Patrol nets record arrests in annual sweep of Cape County
By Mike Wells ~ Southeast Missourian
An annual sweep to get drunken drivers off Cape Girardeau County roads has netted the Missouri State Highway Patrol a record number of arrests this year.
By the end of this year's four-week "Safe and Sober" campaign, the patrol had made 63 arrests, with 25 of them occurring the weekend of May 10 alone. To some, this total highlights a growing problem in Cape Girardeau County but others say law enforcement is being more effective in combating it.
The campaign ran each Thursday through Saturday night from April 17 to May 10, with four patrolmen roving the highways in search of drunken drivers. This was the fourth year the patrol concentrated such efforts on the county, known as Southeast Missouri's hot spot for its total number of alcohol-related crashes.
"Our highest DWI-arresting officers were put on a 12-hour operation those nights and patrolled all area roads," said Lt. Jim McNiell. "All they were required to do was concentrate on impaired drivers."
McNiell is in charge of enforcement operations along the Interstate 55 side of Troop E, a 13-county portion of the state. He said most offenders are generally younger drivers in their teens and early twenties, but are not necessarily college students. In the three previous campaigns, the patrol netted about 45 arrests per year.
"It's unbelievable the problem we're seeing coming out of Cape Girardeau County," he said. "It's not just a Cape problem, though. It's a Southeast Missouri problem."
The Safe and Sober campaign was coordinated by zone supervisor Sgt. Blaine Adams of Jackson. He said the last two weekends of the operation were more effective.
"A lot of it has to do with the time we conduct the operation," he said. "We've done it in the past when school's going on," Adams said. "We're concentrating on DWIs, but we're still enforcing traffic laws and underage arrests, drug possession and everything we can find."
In this year's campaign, 218 other arrests were made, including traffic offenses and other criminal offenses, McNiell said.
While Cape Girardeau County annually has the highest number of alcohol-related crashes in the region, those numbers can be misleading, said patrol Capt. Chris Ricks.
"Cape County had more crashes, but it's a more populated area," Ricks said. "Property damage, such as fender benders, are much more likely in urban areas with high traffic in the early mornings and late evenings. You probably don't have any more of a problem with alcohol-related crashes than any other part of the state."
In 2001, the patrol investigated 2,969 crashes in the county. Of those, 100 involved alcohol as a contributing factor -- amounting to 3.7 percent of the total.

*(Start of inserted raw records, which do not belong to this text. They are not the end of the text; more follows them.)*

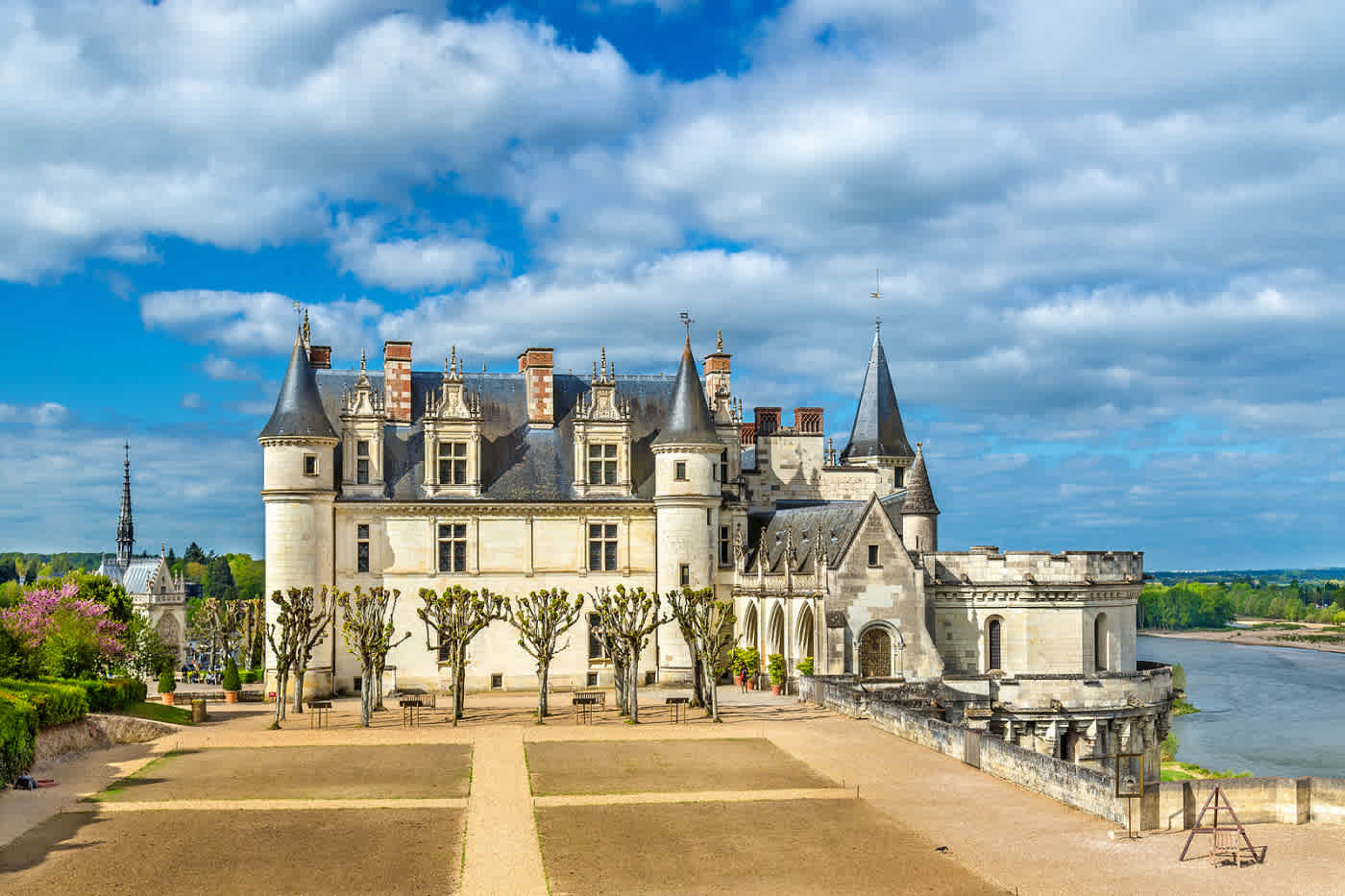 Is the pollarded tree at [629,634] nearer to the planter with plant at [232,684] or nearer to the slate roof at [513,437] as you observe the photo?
the slate roof at [513,437]

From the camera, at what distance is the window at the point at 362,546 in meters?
43.6

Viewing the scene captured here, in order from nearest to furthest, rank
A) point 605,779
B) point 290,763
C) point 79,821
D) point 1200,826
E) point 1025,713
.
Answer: point 1200,826 → point 79,821 → point 605,779 → point 290,763 → point 1025,713

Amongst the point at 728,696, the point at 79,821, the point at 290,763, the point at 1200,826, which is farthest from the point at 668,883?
the point at 728,696

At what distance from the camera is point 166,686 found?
4212cm

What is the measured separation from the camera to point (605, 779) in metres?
25.7

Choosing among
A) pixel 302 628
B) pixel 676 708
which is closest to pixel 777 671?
pixel 676 708

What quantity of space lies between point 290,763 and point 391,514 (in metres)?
16.4

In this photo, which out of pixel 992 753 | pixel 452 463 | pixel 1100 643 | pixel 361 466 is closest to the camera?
pixel 992 753

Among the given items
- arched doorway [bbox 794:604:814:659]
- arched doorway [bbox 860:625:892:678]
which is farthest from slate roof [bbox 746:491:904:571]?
arched doorway [bbox 860:625:892:678]

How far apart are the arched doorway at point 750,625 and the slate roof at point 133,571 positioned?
44.5 meters

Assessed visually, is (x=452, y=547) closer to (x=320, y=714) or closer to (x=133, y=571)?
(x=320, y=714)

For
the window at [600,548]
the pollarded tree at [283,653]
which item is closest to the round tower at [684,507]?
the window at [600,548]

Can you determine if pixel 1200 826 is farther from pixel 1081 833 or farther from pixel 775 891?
pixel 775 891

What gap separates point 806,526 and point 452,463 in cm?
1217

That percentage drops even lower during the five previous years. The 2001 crashes in Bollinger, Scott and Stoddard counties only have a combined total of 1,891 crashes, but their 155 alcohol-related accidents accounted for more than 9.3 percent of their total.
Adams said the surrounding counties possibly have higher percentages of alcohol-related crashes because of economic problems and lower DWI conviction rates in those counties.
McNiell says many of those intoxicated drivers start drinking in Cape Girardeau or over the river in East Cape Girardeau, Ill., before heading back home to other counties.
"Once the bars close here, we're finding these people are crossing the river to East Cape Girardeau, then come back into Missouri intoxicated and are traveling the area roadways from Cape Girardeau into Scott, Stoddard and other counties," McNiell said.
A sobriety checkpoint jointly operated at Morgan Oak Street by police and the patrol netted 23 drunken drivers coming across the bridge about five years ago on Halloween night, he said. That was the most arrests coming out of a single checkpoint in the state's history.
Though drunken drivers continue to plague county roads, local law enforcement have apparently gotten better at catching them. In 2001, the cities of Cape Girardeau and Jackson and the county sheriff's department jointly reported 334 DWI arrests. That number jumped in 2002 to more than 487 arrests. So far in 2003, Cape Girardeau alone has recorded 106 DWI arrests in the first five months of the year.